No, I understand that contents-hash is generated by a hash function, and
what that implies.
What I'm talking about is the comparability of two trees. It would be
nice if you could say 'if the tree's SHA-1 hash is not $foo, it is not a
true copy of this tree'.
> This really isn't any different from signing the <inventory> XML. The
> only trick is that you would want to be careful that the <inventory>
> tree would always be sorted in a specific way.
Actually, you need to normalize the data, not merely sort it. We can't
have whitespace changes or use of entity references affecting the
results. XML is tricky to normalize, so the strawman is about a format
that's got only one form and needs no normalization.
> Revfiles don't use a text_id, though you could arguably generate an
> text_id since it is necessary for the plain file storage, and just not
> make use of it in a revfile storage.
Eh? Are you sure revfiles don't use text_ids? How else do you refer to
the file contents in a text store?
> Also, keep in mind that you also want to sign the fact of the name of
> the committer, and the timestamp, and whatever other meta information
> you might have for a specific snapshot.
This was about how you hash the tree, not how you hash the revision.
Yes, a revision hash would have a tree hash, whether the current
inventory_sha1 or something else.
> Oh, if we start tracking file
> meta data (possibly inside the inventory file, possibly somewhere else)
> you also want to sign that. If someone is tracking the permissions of
> /etc, they don't want someone to be able to hack in and change it so
> that /etc/httpd/ssl/server.key is suddenly world readable.
Yep. There's plenty of room to tune the format.
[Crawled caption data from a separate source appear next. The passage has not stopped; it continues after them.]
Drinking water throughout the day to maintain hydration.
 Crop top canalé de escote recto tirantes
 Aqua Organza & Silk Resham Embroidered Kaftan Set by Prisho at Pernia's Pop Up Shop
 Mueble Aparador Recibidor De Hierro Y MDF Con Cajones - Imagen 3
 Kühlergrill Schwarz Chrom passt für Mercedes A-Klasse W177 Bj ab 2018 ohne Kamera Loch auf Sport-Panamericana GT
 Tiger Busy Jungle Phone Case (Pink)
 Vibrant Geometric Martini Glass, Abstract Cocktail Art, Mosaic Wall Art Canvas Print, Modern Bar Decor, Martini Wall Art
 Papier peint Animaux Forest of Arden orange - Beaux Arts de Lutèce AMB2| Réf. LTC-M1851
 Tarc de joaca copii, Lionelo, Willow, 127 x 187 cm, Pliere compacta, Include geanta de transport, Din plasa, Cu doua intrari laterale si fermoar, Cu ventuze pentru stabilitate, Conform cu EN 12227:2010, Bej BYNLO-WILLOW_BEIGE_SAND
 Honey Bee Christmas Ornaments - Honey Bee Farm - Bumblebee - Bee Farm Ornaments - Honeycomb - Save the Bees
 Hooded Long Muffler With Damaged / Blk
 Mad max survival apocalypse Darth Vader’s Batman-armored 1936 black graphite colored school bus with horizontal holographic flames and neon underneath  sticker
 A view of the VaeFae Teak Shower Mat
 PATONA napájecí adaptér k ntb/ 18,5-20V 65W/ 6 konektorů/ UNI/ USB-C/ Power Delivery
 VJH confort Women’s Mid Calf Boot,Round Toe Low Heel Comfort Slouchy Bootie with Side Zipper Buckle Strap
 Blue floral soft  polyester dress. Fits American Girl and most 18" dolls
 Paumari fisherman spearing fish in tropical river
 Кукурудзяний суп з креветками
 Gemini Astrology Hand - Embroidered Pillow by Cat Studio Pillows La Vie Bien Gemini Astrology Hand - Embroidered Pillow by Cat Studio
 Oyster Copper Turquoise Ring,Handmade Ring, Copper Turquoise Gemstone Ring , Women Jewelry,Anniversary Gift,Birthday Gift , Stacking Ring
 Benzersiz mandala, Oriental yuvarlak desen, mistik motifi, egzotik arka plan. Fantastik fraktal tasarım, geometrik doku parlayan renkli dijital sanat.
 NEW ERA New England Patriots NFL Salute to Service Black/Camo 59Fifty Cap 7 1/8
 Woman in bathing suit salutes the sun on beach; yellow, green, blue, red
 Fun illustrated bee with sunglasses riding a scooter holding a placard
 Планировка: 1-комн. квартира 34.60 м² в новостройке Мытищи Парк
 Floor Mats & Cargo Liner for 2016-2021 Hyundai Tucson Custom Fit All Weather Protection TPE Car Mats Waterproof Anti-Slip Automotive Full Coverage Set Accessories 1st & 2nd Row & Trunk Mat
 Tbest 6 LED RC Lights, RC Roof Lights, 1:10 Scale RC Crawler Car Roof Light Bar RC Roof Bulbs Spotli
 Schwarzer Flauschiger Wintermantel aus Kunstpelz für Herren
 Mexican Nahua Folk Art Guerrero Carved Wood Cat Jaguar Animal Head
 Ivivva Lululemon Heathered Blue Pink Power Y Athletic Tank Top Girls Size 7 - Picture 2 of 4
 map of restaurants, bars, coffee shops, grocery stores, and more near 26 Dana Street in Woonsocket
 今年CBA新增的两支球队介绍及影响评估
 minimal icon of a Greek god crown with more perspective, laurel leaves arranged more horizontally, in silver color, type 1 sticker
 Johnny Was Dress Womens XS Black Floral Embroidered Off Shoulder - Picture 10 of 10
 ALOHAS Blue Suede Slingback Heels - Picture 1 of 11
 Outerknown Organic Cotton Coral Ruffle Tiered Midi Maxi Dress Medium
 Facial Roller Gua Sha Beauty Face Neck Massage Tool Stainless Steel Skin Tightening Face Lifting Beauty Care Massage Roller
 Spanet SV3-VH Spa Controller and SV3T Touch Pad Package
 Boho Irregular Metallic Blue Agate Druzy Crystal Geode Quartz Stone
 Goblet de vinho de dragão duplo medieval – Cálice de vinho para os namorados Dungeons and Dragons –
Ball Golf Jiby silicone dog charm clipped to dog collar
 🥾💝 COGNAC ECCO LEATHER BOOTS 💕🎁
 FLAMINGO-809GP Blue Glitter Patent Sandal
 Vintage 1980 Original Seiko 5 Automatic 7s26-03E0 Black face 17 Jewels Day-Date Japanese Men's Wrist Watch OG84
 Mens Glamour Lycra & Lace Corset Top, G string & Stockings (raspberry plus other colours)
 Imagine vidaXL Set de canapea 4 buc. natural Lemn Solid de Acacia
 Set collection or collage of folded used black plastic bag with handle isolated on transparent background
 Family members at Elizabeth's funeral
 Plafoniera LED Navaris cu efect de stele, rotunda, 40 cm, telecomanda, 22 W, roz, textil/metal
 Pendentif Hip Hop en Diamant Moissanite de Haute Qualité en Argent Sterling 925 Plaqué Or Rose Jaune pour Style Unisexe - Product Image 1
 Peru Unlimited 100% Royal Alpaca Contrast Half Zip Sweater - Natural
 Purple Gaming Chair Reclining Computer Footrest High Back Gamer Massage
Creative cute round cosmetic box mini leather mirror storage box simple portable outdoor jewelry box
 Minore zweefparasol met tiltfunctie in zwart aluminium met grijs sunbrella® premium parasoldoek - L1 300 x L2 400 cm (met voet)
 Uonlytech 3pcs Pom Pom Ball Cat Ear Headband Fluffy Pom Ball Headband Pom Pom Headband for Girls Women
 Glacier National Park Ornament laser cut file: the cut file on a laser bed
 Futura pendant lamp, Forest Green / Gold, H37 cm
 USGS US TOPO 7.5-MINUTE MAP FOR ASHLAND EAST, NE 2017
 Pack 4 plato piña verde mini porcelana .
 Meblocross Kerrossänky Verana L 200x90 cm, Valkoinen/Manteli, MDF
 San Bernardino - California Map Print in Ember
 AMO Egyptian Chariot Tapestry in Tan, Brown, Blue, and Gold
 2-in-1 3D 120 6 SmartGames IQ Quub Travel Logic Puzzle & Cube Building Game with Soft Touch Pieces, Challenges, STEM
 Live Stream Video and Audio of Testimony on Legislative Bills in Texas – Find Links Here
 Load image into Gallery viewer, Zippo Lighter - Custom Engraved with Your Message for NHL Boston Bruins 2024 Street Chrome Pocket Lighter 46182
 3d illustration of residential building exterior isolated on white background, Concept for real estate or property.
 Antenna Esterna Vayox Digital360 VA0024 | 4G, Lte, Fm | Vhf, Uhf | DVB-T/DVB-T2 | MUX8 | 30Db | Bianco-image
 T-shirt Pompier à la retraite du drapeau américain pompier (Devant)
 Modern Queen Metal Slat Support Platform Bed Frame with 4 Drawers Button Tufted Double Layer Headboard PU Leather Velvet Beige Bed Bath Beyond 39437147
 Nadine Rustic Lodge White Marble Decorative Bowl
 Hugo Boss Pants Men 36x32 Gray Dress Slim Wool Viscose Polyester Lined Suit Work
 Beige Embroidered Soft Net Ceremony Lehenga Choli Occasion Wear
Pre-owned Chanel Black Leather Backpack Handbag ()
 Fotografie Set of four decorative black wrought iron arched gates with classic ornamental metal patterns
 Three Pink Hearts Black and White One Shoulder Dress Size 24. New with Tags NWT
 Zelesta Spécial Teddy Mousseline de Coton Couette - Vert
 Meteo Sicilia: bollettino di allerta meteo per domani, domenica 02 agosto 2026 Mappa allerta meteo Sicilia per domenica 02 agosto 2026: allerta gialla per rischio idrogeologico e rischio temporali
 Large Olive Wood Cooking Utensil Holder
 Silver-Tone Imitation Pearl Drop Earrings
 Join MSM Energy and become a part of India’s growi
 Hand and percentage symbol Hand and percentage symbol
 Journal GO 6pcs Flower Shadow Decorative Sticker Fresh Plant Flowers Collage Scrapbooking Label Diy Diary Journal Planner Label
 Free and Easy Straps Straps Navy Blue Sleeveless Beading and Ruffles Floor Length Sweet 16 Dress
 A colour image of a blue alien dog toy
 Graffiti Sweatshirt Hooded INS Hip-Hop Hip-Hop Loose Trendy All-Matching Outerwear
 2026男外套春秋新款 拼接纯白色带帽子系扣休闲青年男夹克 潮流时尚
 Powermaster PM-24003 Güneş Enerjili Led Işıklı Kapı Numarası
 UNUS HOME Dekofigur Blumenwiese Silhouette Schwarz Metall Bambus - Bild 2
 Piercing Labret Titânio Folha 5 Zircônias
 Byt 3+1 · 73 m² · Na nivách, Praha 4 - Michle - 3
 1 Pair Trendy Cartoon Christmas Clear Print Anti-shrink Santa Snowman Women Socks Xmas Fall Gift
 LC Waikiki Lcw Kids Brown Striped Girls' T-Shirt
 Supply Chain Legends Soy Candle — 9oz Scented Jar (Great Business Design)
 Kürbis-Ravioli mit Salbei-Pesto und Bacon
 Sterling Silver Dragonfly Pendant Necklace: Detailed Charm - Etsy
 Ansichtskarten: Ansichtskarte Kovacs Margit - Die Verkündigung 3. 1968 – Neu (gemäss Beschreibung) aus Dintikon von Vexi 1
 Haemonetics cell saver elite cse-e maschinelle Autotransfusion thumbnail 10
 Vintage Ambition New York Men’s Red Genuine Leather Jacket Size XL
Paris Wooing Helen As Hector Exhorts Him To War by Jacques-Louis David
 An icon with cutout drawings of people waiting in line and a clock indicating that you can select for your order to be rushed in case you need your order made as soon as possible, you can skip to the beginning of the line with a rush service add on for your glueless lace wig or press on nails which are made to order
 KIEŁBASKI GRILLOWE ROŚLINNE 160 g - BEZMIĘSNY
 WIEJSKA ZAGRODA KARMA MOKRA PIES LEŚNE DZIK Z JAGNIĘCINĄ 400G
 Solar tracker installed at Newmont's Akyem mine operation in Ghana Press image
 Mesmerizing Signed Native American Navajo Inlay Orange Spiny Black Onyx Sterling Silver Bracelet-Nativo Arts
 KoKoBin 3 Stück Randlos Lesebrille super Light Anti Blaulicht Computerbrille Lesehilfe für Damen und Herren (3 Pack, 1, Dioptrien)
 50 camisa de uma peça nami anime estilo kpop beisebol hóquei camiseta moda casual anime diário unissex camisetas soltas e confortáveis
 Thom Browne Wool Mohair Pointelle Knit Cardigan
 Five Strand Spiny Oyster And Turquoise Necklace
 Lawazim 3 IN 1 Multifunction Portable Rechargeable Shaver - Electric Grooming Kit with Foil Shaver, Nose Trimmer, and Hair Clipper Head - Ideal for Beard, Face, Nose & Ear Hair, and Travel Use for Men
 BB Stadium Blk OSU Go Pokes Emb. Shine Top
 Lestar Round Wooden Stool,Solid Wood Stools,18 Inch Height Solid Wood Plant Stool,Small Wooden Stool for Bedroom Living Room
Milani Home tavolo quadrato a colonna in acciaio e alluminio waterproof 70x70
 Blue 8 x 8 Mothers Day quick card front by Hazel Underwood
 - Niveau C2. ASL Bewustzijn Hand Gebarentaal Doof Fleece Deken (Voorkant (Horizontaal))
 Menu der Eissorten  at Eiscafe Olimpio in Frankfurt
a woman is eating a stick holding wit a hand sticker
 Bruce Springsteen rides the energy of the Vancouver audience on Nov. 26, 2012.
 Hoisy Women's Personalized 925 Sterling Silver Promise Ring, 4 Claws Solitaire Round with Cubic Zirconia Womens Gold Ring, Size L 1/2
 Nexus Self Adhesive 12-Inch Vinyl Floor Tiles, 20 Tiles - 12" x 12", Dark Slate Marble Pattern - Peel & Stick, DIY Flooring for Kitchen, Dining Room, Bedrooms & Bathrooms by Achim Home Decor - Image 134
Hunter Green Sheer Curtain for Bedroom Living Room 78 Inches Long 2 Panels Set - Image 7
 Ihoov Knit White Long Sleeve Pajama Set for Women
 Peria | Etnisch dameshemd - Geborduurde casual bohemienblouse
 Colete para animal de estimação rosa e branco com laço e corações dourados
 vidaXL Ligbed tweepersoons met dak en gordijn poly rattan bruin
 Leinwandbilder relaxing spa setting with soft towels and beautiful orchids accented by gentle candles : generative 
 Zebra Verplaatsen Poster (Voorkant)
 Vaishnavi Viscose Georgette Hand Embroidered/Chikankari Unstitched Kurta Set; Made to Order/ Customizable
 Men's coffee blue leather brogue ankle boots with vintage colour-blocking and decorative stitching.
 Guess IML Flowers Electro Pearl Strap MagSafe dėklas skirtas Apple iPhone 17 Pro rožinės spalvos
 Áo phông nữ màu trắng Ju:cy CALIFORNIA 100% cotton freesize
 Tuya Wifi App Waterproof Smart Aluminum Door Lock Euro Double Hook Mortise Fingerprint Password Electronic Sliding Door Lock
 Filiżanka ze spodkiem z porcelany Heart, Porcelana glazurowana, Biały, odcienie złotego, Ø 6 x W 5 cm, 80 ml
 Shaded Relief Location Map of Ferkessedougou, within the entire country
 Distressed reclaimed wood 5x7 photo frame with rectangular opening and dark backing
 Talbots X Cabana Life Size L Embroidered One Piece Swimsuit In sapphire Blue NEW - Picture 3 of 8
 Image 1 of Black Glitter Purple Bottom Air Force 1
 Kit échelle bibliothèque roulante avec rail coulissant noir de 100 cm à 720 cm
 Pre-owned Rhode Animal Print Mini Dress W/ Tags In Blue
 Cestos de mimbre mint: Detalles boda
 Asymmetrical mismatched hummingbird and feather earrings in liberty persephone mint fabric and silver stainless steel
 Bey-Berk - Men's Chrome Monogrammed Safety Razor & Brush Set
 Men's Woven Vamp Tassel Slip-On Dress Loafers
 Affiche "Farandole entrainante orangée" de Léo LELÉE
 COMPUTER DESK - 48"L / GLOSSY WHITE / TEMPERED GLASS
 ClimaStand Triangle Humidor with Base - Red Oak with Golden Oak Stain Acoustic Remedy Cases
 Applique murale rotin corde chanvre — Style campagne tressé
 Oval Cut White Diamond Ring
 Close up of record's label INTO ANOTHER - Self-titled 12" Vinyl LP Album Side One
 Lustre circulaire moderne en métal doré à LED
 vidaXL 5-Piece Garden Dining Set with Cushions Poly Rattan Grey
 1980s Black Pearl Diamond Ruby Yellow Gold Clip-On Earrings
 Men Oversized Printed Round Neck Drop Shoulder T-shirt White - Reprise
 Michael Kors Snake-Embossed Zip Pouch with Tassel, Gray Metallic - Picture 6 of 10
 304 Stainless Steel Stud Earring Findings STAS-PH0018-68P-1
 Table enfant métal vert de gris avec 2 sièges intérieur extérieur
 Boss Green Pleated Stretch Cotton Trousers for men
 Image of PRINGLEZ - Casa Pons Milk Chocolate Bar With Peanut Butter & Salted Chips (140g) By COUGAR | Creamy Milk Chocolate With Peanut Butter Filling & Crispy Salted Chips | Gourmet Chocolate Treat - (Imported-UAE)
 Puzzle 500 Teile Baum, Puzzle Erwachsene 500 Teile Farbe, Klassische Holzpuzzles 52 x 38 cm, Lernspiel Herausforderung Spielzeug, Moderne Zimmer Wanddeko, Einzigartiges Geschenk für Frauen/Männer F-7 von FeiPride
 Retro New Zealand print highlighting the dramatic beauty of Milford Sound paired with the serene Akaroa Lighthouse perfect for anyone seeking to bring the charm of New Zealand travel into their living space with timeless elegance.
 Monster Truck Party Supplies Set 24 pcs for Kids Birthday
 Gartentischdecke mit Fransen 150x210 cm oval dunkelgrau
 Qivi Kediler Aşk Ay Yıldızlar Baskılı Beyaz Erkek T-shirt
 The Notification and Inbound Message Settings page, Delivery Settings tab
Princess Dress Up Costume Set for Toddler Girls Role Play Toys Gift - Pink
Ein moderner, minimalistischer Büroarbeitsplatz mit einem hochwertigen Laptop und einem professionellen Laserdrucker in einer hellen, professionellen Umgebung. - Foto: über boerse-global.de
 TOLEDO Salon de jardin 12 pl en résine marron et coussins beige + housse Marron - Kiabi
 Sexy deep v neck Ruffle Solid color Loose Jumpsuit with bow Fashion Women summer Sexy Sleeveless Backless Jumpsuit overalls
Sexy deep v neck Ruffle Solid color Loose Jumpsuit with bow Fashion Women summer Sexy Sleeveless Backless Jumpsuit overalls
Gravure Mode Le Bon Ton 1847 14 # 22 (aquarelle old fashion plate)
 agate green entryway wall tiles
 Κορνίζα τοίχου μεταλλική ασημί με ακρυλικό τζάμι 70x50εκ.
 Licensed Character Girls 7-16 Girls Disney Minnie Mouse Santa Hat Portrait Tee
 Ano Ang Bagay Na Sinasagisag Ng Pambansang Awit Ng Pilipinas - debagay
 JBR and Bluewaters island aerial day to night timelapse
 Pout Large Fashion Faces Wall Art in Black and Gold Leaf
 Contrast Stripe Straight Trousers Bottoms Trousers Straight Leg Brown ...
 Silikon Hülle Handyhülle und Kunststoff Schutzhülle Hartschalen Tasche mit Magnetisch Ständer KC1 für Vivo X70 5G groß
> I understand your desire to be able to generate the signed text through
> some other process, and have it still satisfy the signature. But realize
> that as soon as you change hash algorithms, the old signature is
> invalidated.
No, I don't see that. You can always generate the hash using a specific
hash algorithm, if you want to compare to an old signature.
> But also be aware that there is a very positive benefit to signing the
> exact contents of a file. It is trivial to verify using external tools.
That's true.
> Also, it is certainly possible that someone hacks the bzr code such that
> it starts to say ignore certain files when generating and checking
> signatures. Because the thing which is signed is never actually visible,
> and not actually used anywhere else, it is very difficult to detect that
> this is happening.
It's trivial if that data comes into contact with an unhacked bzr.
> (Think of a company where people use an "recommended" bzr, or all use
> the same bzr on the same machine).
Yes, but if you assume 've been rooted, you've lost your security,
whether bzr gets replaced or bash or diff. End of story.